Bachelorette Won't Tell!




We are one show into Des's Season and I'm so looking forward to next Monday I could scream. This season looks interesting already with all the punching and crying going on in the previews. Wow! But Des won't say if she ends up engaged and neither will Chris Harrison. They are withholding that information until we get hooked on the guys, get favorites and can't look away. After the first episode, there is still a chance of losing viewers. So the producers have played their cards close to their scheming chests and are remaining mum about an engagement. But have you seen the guys? I'm not sure whether to be hopeful or not.
Let's start with the most unusual acts.

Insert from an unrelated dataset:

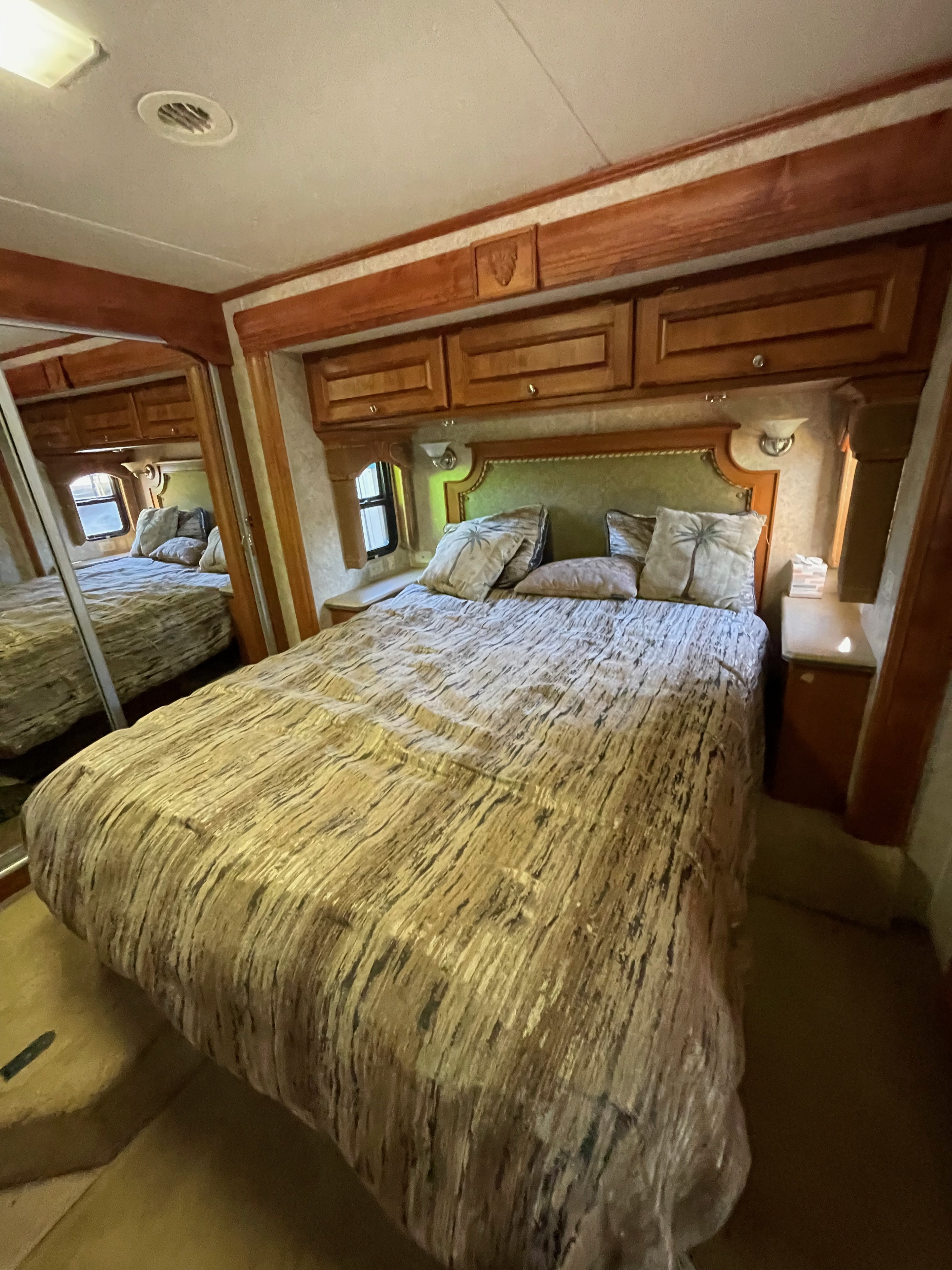 RV rental bedroom: A comfortable bed with textured comforter, green headboard, wooden cabinets, & mirrored wardrobe.. Monaco Diplomat 2006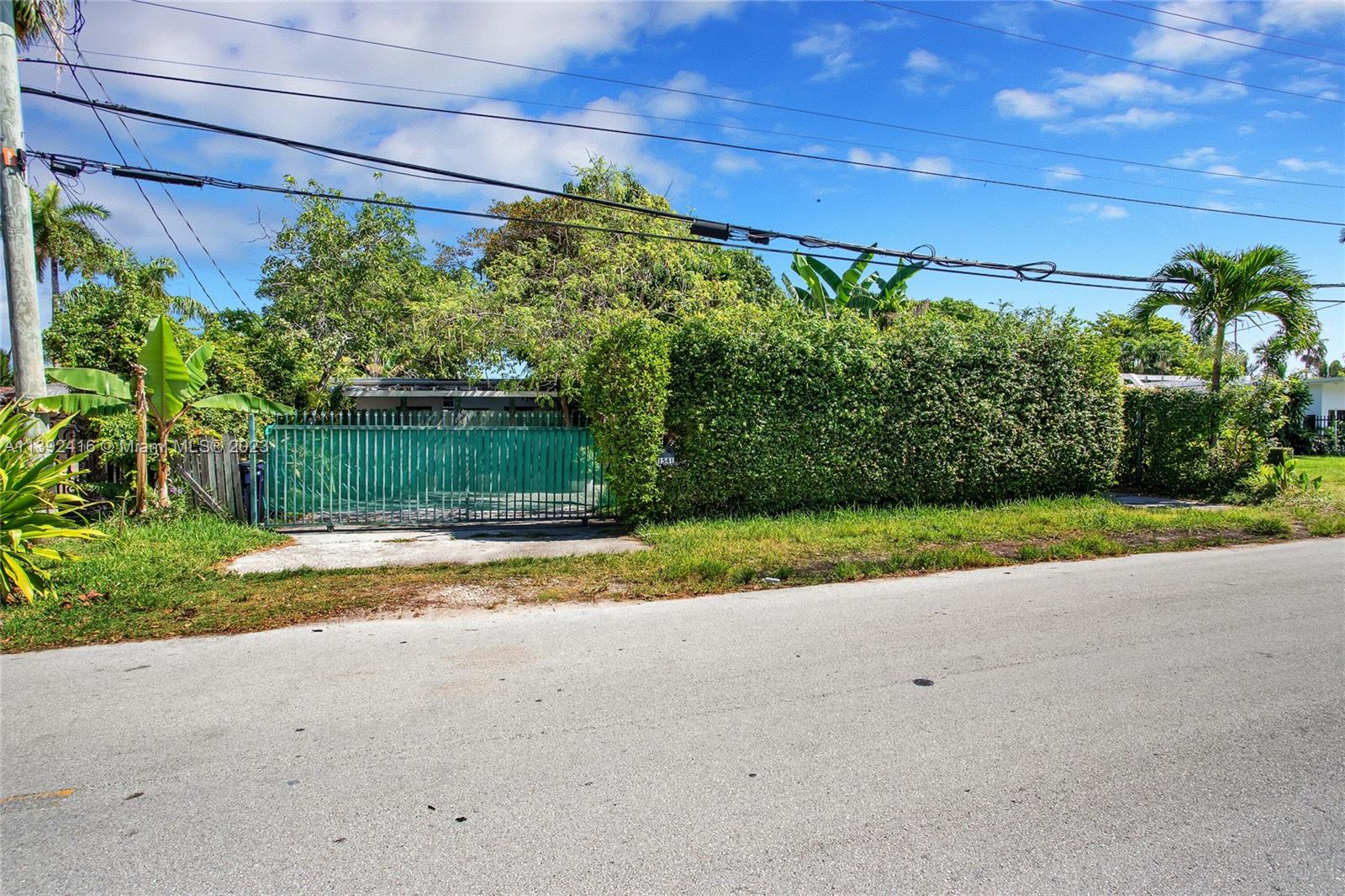 1541 Calais Drive Miami Beach, FL 33141 - Photo 32 of 33 a view of a yard with potted plants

And I say 'acts' because some of the men tried a little too hard to be noticed and rather than gaining points with Des, they disgusted and alienated her with their cheesy gimmicks.
The first loser to go home was Johnathon who acted drunk (or Cray-Cray) when he kept asking Des to go to the fantasy suite with her and wouldn't drop that bad joke even when he was told she was a nice girl and wouldn't be going in a dark room with him. On the first night! Did a supposedly sane man actually expect her to leave 24 hopeful bachelors, go off in a bedroom with him and do the dirty deed? Apparently. Des dismissed him before the rose ceremony and probably gave the producers the stink eye on the way back from the driveway. Or if she didn't, she should've. I'm sure the producers were all rubbing their hands together in a Doctor Evil way and salivating. They live for this stuff because it makes great ratings!
Another man did not wear a shirt and asked Des to accept his abs. Granted he had a twelve pack but I mean, come on. Even my teenage daughter yelled at the TV "Put on a shirt, Guy!' Nobody wanted to stare at his half naked body all night, especially after we'd seen him earlier, at his apartment fully naked, well except for that dastardly black rectangle that blocked out our view of his jumbly bits. Des felt badly for the guy though. To get that man to stop trying so hard (he stripped to boxer briefs and jumped in the pool) and probably because he had such horrible shrinkage when he exited the pool, she gave him a first impression rose while passing his shivering body later. There even was a man in armor. When he rented the metal suit that precluded him from walking, not to mention presenting himself in a good light, he didn't think beyond the metaphor. He looked like a weirdo, not like a spontaneous, fun guy.
One guy spoke in hashtags and that got old after about #oneminute. And then there was an ER doctor who made Des dance and her dress kind of ripped. She really didn't like him. Poor guy. The man with the horrible suit coat he made himself, just poked fun at her livelihood and passion for design. #notcool (Damned, now he's got me doing it) And then there was the magician who should have conjured up a red rose for himself instead auditioning on national TV for a Las Vegas show.
She picked her 19 guys, they toasted and Des looked happy at the end but we know different. We've seen the previews and there is terrible heartbreak and punching and name calling and girlfriends showing up to cry and embarass someone. This is why we will watch. WE want to see Des weed out the bad ones to get to the good ones so she can go on picnics on top of mountains and declare her love to the world.
I can't wait until the first group date to see if that ab guy wears a shirt. If not I'm putting a Ken doll shirt in front of the TV every time he comes on. Hear we go, Bachelorette!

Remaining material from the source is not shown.